* The task *
The answer must repeat each line of the material exactly.

* Input *
/---

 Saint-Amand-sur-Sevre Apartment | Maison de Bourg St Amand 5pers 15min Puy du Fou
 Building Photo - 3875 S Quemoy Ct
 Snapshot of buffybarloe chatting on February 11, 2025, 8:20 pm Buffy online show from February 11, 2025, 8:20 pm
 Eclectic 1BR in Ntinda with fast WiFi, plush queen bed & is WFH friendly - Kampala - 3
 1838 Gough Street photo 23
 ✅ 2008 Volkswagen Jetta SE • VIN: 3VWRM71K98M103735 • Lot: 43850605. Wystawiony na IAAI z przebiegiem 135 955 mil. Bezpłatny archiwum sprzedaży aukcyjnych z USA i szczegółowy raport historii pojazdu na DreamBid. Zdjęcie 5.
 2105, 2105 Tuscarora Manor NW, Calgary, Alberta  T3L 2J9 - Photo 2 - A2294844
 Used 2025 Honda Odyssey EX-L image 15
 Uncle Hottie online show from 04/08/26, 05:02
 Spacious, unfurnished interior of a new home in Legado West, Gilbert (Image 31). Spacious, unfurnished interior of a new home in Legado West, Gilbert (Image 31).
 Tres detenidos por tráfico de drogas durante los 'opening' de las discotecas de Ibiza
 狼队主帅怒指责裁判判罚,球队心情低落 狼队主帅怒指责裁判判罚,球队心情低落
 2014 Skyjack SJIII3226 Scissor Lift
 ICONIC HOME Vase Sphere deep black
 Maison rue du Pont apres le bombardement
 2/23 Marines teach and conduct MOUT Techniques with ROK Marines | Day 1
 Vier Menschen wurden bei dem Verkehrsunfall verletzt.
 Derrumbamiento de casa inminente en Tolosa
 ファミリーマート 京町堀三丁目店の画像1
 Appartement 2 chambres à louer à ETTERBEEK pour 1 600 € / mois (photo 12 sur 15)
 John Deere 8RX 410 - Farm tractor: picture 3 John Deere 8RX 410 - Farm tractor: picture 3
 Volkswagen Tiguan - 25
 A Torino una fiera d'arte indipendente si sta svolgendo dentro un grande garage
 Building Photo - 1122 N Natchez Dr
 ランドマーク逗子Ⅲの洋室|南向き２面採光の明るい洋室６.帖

\---

* Task answer *
 Saint-Amand-sur-Sevre Apartment | Maison de Bourg St Amand 5pers 15min Puy du Fou
 Building Photo - 3875 S Quemoy Ct
 Snapshot of buffybarloe chatting on February 11, 2025, 8:20 pm Buffy online show from February 11, 2025, 8:20 pm
 Eclectic 1BR in Ntinda with fast WiFi, plush queen bed & is WFH friendly - Kampala - 3
 1838 Gough Street photo 23
 ✅ 2008 Volkswagen Jetta SE • VIN: 3VWRM71K98M103735 • Lot: 43850605. Wystawiony na IAAI z przebiegiem 135 955 mil. Bezpłatny archiwum sprzedaży aukcyjnych z USA i szczegółowy raport historii pojazdu na DreamBid. Zdjęcie 5.
 2105, 2105 Tuscarora Manor NW, Calgary, Alberta  T3L 2J9 - Photo 2 - A2294844
 Used 2025 Honda Odyssey EX-L image 15
 Uncle Hottie online show from 04/08/26, 05:02
 Spacious, unfurnished interior of a new home in Legado West, Gilbert (Image 31). Spacious, unfurnished interior of a new home in Legado West, Gilbert (Image 31).
 Tres detenidos por tráfico de drogas durante los 'opening' de las discotecas de Ibiza
 狼队主帅怒指责裁判判罚,球队心情低落 狼队主帅怒指责裁判判罚,球队心情低落
 2014 Skyjack SJIII3226 Scissor Lift
 ICONIC HOME Vase Sphere deep black
 Maison rue du Pont apres le bombardement
 2/23 Marines teach and conduct MOUT Techniques with ROK Marines | Day 1
 Vier Menschen wurden bei dem Verkehrsunfall verletzt.
 Derrumbamiento de casa inminente en Tolosa
 ファミリーマート 京町堀三丁目店の画像1
 Appartement 2 chambres à louer à ETTERBEEK pour 1 600 € / mois (photo 12 sur 15)
 John Deere 8RX 410 - Farm tractor: picture 3 John Deere 8RX 410 - Farm tractor: picture 3
 Volkswagen Tiguan - 25
 A Torino una fiera d'arte indipendente si sta svolgendo dentro un grande garage
 Building Photo - 1122 N Natchez Dr
 ランドマーク逗子Ⅲの洋室|南向き２面採光の明るい洋室６.帖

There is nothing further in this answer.